The Board of Supervisors is scheduled to discuss the 1,060-home Heritage Woods development off U.S. 1 at its meeting Tuesday, about two months after it held a public hearing on the controversial project near Cosner’s Corner. Residents have expressed concerns about the development’s impact on traffic and schools.
Arizona-based Walton International Group is asking that the 378-acre site be rezoned from rural and commercial to “planned development housing” for 725 homes, 147 townhouses and 188 apartments.
The Planning Commission recommended approval of Heritage Woods in August.
But the supervisors tabled their decision after a public hearing in September and requested an analysis of other developments in the pipeline. This year alone, the board has rezoned land for four developments with a total of 2,634 housing units.
A staff report dated Nov. 12 projects that Spotsylvania doesn’t have enough room in its schools to support the developments that have been approved in the last five years, in addition to Lee’s Parke.
County staff included Lee’s Parke, which was approved in 2002, because of its proximity to the Heritage Woods site. About 6,000 of the 7,631 approved homes in the staff report have not yet been built, including about 1,000 in Lee’s Parke.
It will likely be many years before those homes become a reality, but if they were built today, the staff says seven schools would be overcapacity: Cedar Forest Elementary, Robert E. Lee Elementary, Battlefield Middle, Freedom Middle, Spotsylvania Middle, Courtland High and Massaponax High.
Add Heritage Woods to the mix and an eighth school, Parkside Elementary, would exceed its capacity by 227 students, the staff says. Walton, the Heritage Woods landowner, recently announced it was donating $15,000 to Parkside for a new playground.
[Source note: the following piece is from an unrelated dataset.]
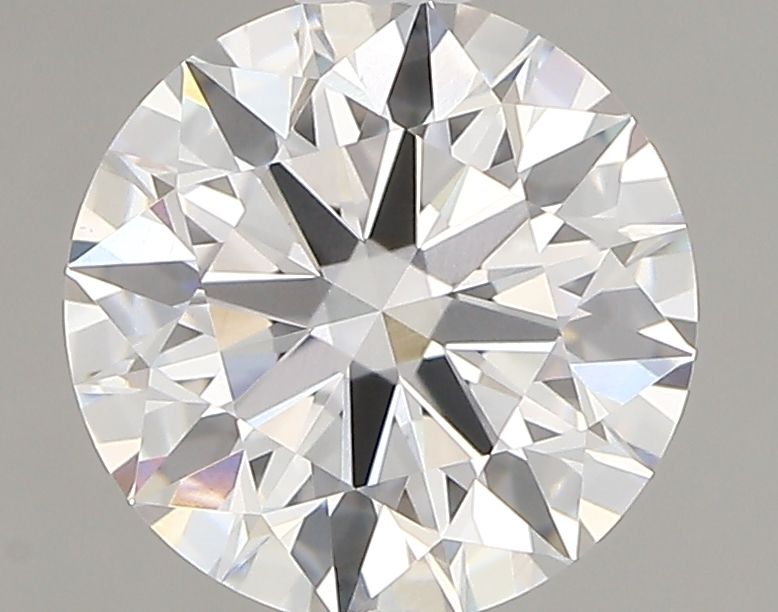1.43 ct. round Lab Grown Diamond front image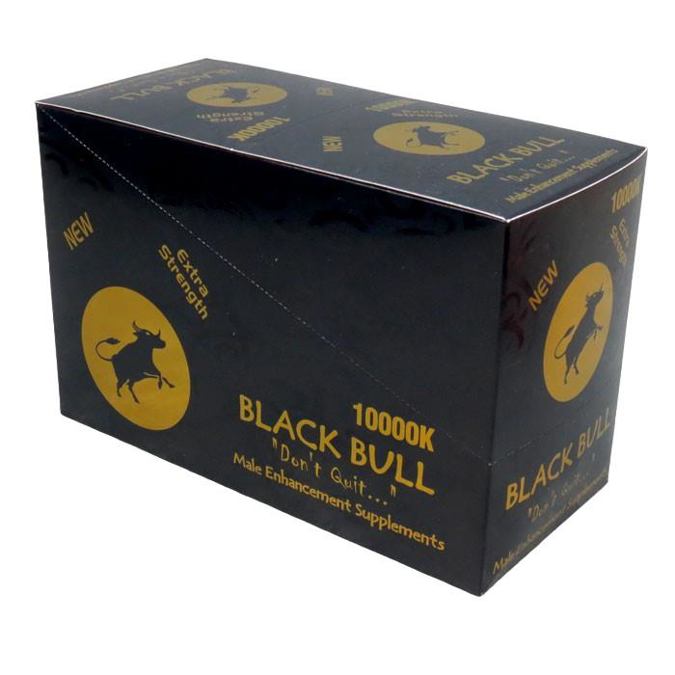 Picture of Black Bull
Supervisor Gary Skinner, whose Lee Hill District includes the Heritage Woods site, said he thinks the development would help schools and roads, not hurt them.
He noted that Walton is offering to pay $2.6 million in cash proffers for transportation before any homes are built. Seventy percent of all proffers would be earmarked for roads and 30 percent for schools, based on revised proffers submitted this month.
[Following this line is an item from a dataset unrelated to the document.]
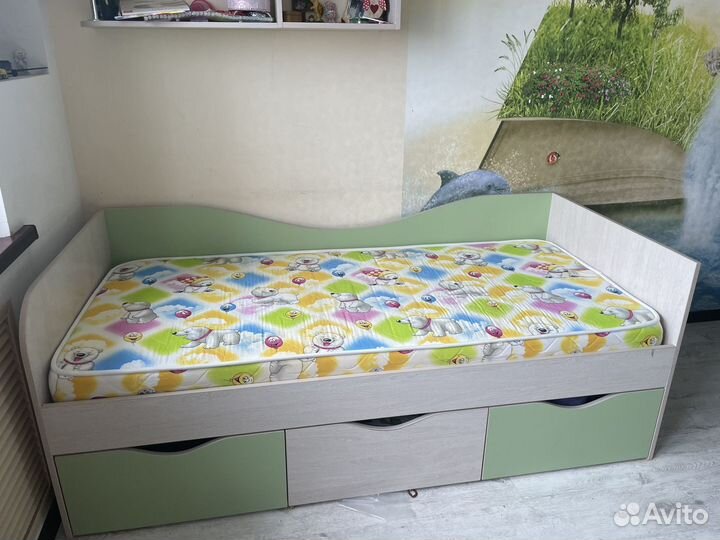 Детская кровать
“We’re not going to get this money from the state right away, and if we don’t start doing something we’re going to put ourselves in a bind,” said Skinner, who won re-election this year against an opponent who opposed Heritage Woods.
With the proffer money, he said, the county could take advantage of the Virginia Department of Transportation’s revenue-sharing program that supplies matching grants to localities.
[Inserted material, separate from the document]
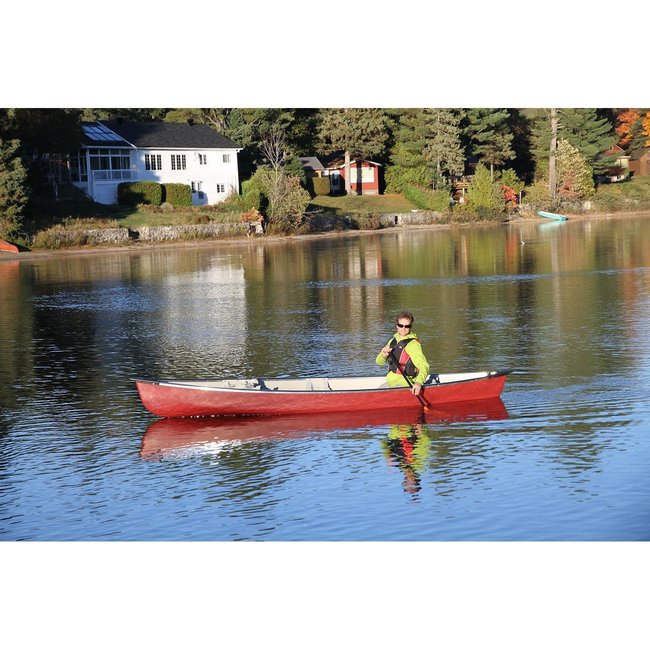 Pelican 14.6 DLX , 3 P.E. banken en 2 rugleuningen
Still, county staff has recommended denial of the development, noting that its cash proffers are about $12.4 million short of what local guidelines call for.
Walton is offering to pay $18,600 per detached home beyond the first 53 homes, which are allowed without county approval; $13,500 per townhouse; and $6,500 per apartment. The company must pay Spotsylvania by the time each home receives an occupancy permit.
That brings the developer’s contribution up to roughly $15.7 million. But county guidelines call for about $28.1 million in proffers on a development like this.
The county has approved three large mixed-use developments this year without any cash proffers. Unlike Heritage Woods, those projects had commercial components.